▶ **TASK STATEMENT**
Give the listing back in full, exactly as written, with the pictures removed.

▶ **RECORD SET**
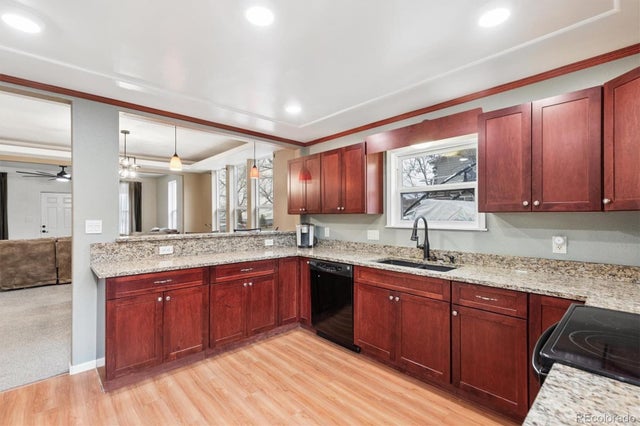 14050 W 8th Avenue, Golden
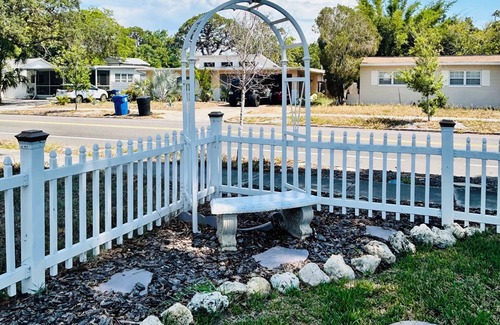Greater Pinellas Point House | !NEW LISTING!CHARMING HOME-TREE SWING-BBQ-NEAR BEACH/PARK/LAKE/RESTAURANT/SHOPS!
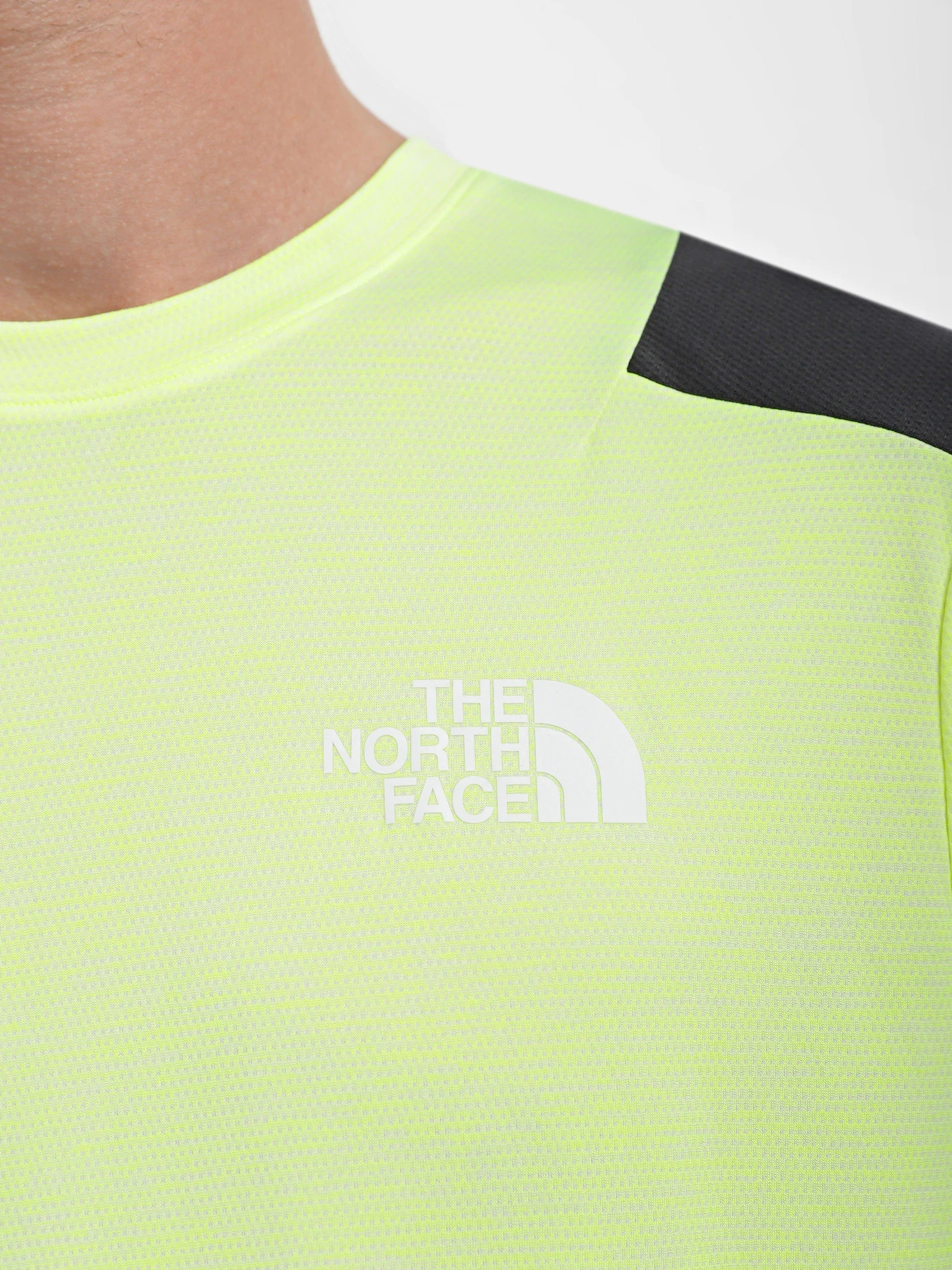 Футболки і поло The North Face Mountain Athletics модель NF0A823VIMM1 Футболки і поло The North Face Mountain Athletics модель NF0A823VIMM1 Фото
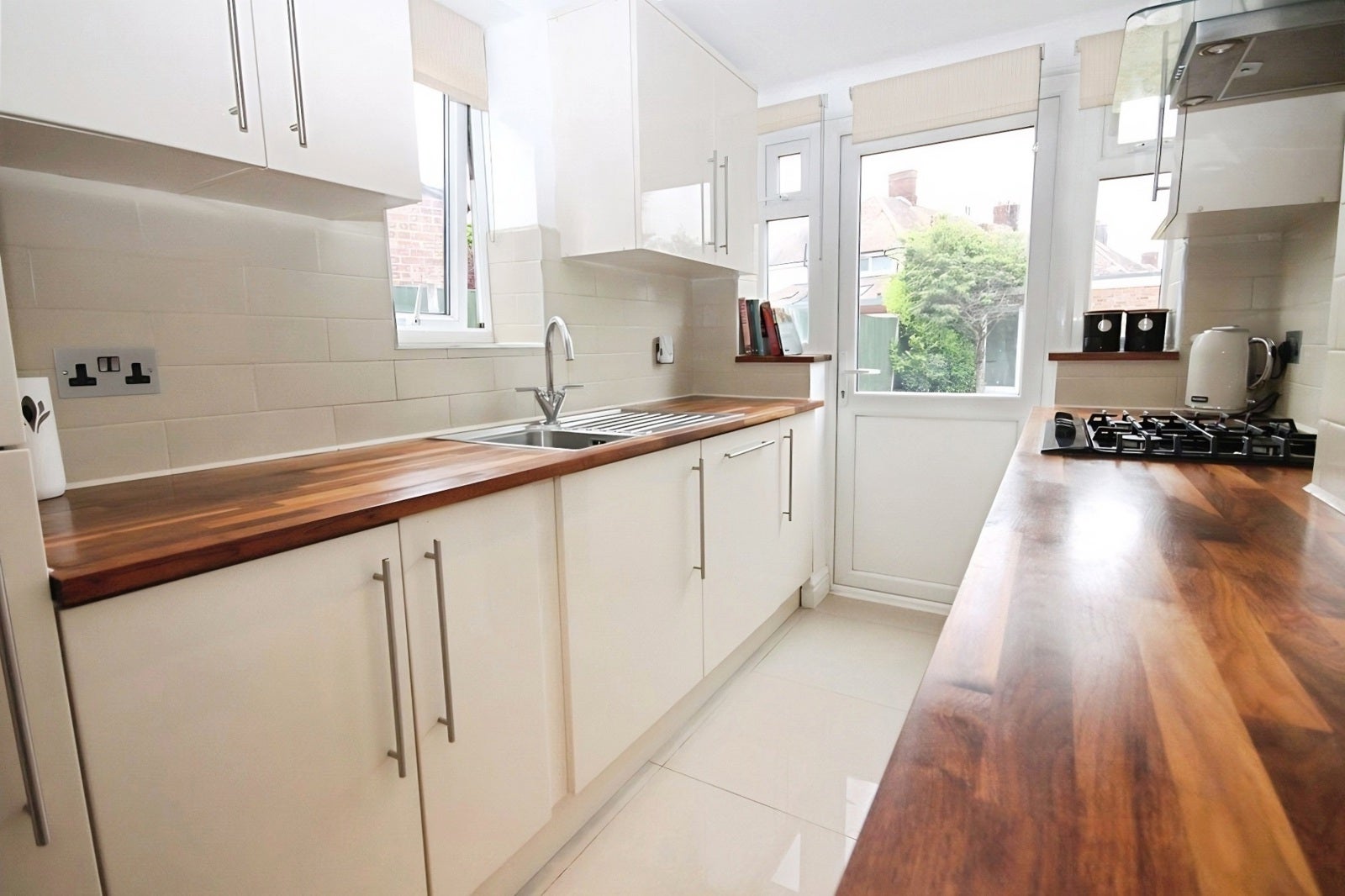 House Queens Walk in Borough of Spelthorne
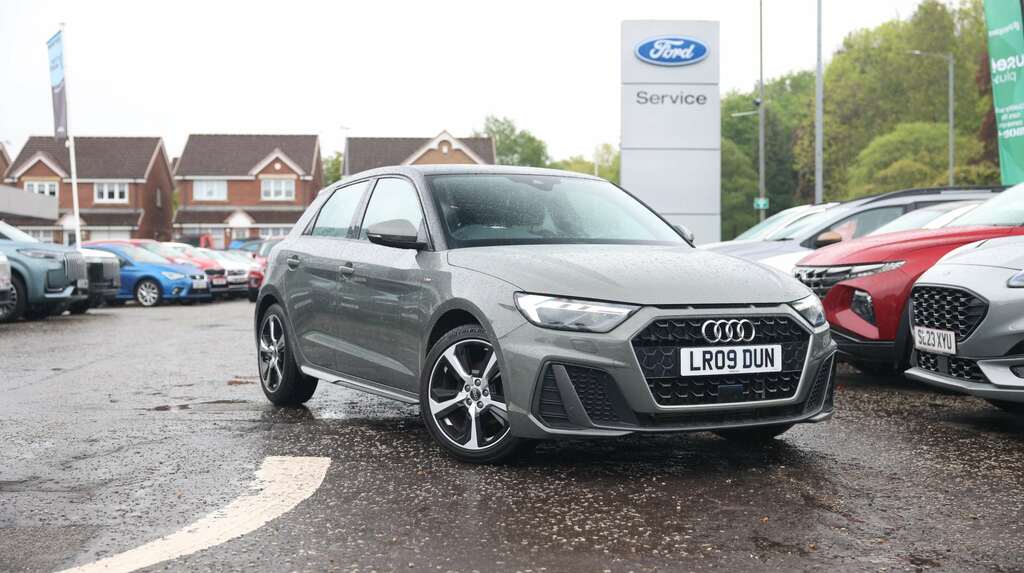Audi A1 30 Tfsi 110 S Line S Tronic LR09DUN Grey #2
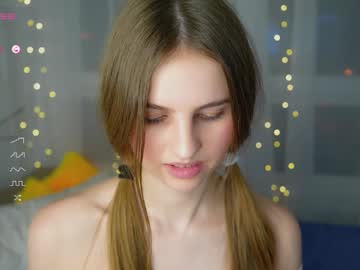 webcam girl fluffy_angel live cam image #10431594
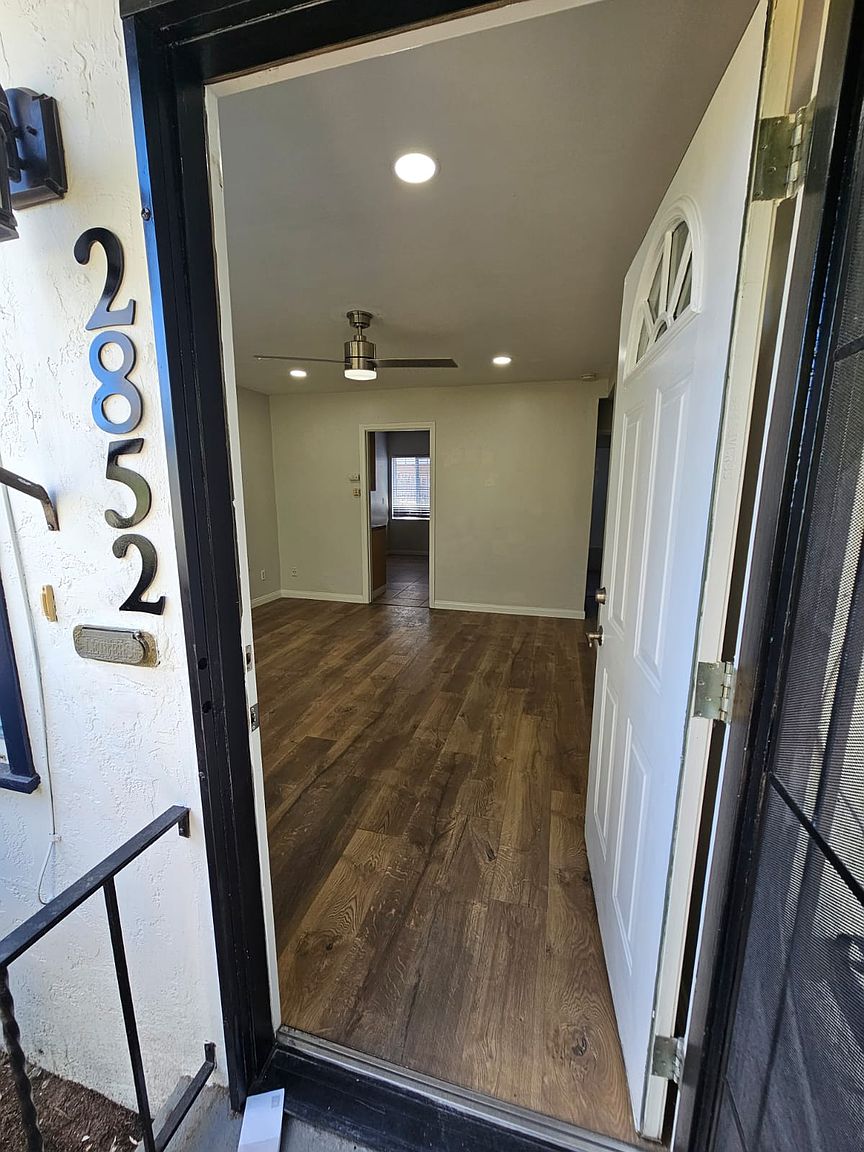 2852 Broadway photo 4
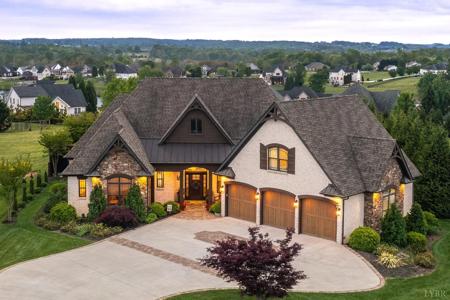 1415 Lake Manor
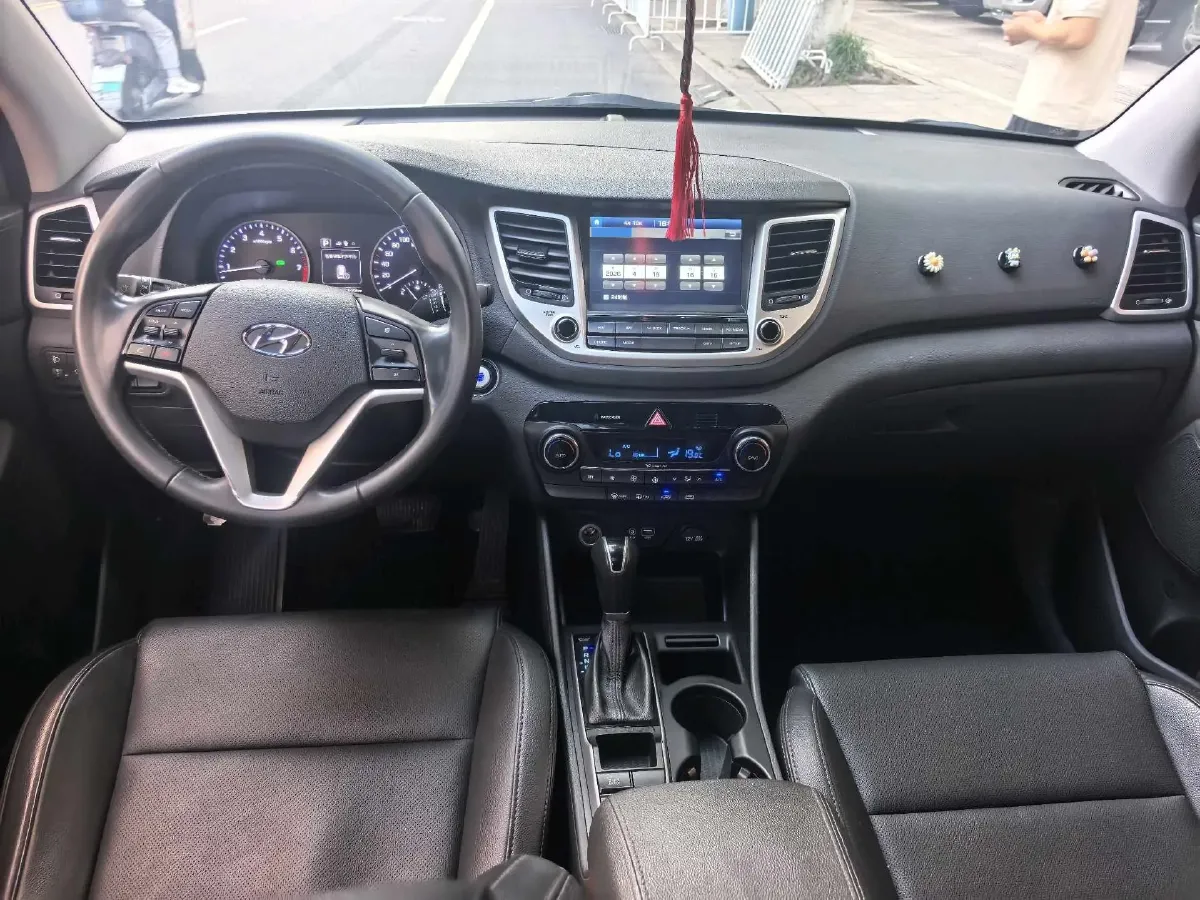 2018 Hyundai Tucson 1.6T 177HP L4 7DCT,autocango,china used car exporter,china ev exporter,chinese used car exporter,chinese used ev exporter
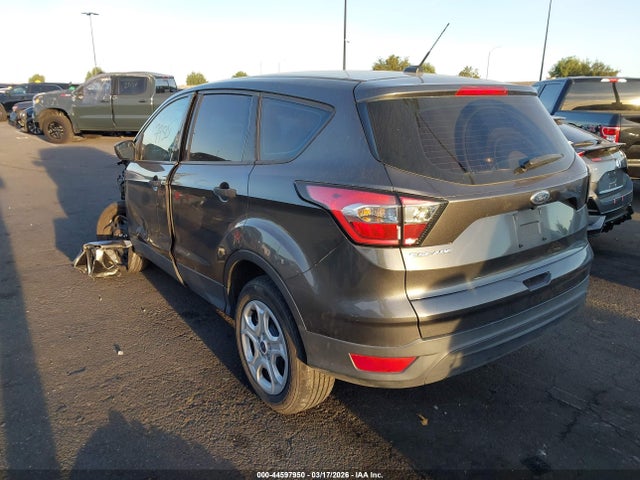 Ford ESCAPE S 2017 1FMCU0F75HUC26637 Image 3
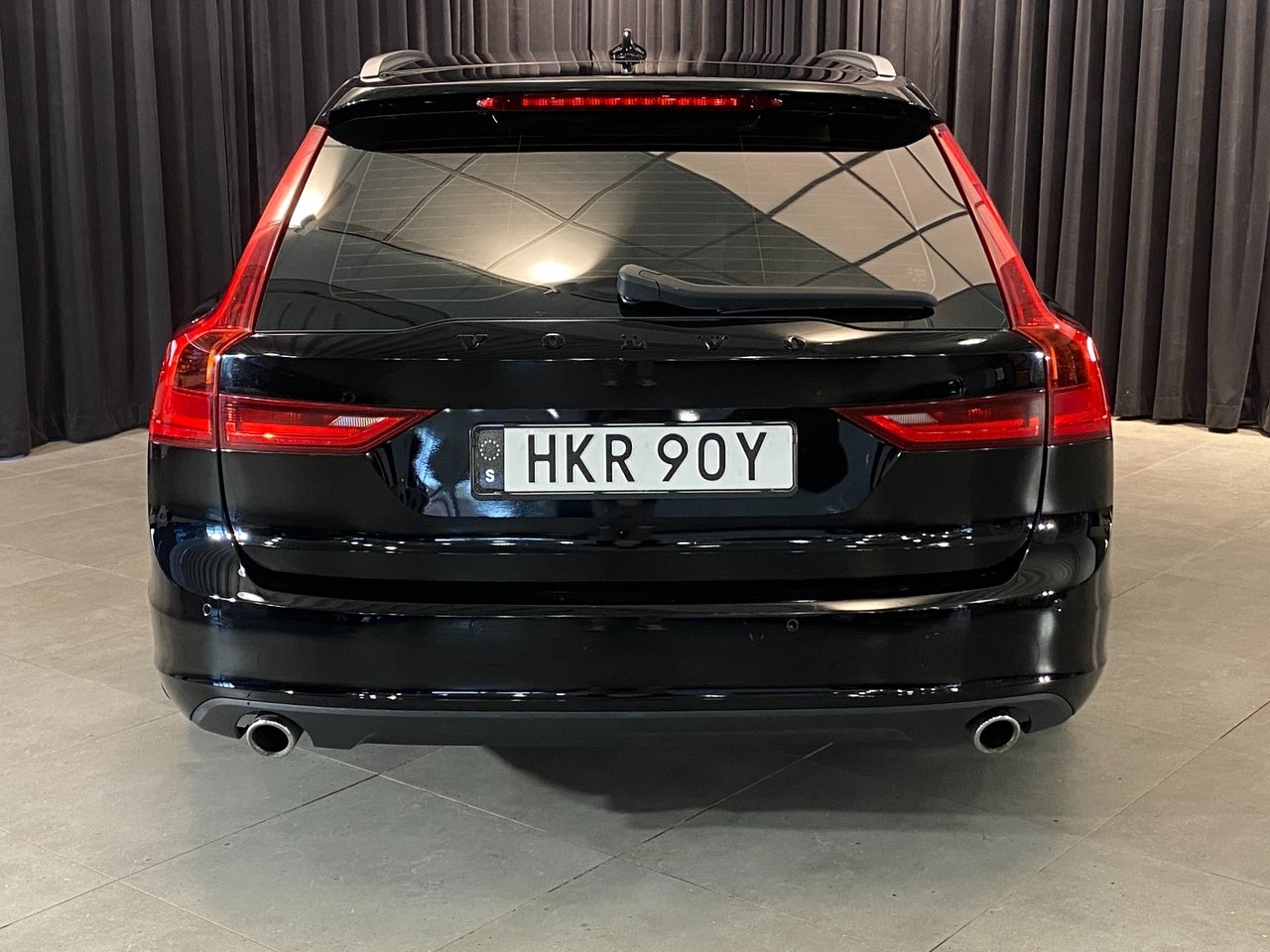 Volvo V90 2020, bild 2/10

▶ **REPLY TO THE EXERCISE**
 14050 W 8th Avenue, Golden
Greater Pinellas Point House | !NEW LISTING!CHARMING HOME-TREE SWING-BBQ-NEAR BEACH/PARK/LAKE/RESTAURANT/SHOPS!
 Футболки і поло The North Face Mountain Athletics модель NF0A823VIMM1 Футболки і поло The North Face Mountain Athletics модель NF0A823VIMM1 Фото
 House Queens Walk in Borough of Spelthorne
Audi A1 30 Tfsi 110 S Line S Tronic LR09DUN Grey #2
 webcam girl fluffy_angel live cam image #10431594
 2852 Broadway photo 4
 1415 Lake Manor
 2018 Hyundai Tucson 1.6T 177HP L4 7DCT,autocango,china used car exporter,china ev exporter,chinese used car exporter,chinese used ev exporter
 Ford ESCAPE S 2017 1FMCU0F75HUC26637 Image 3
 Volvo V90 2020, bild 2/10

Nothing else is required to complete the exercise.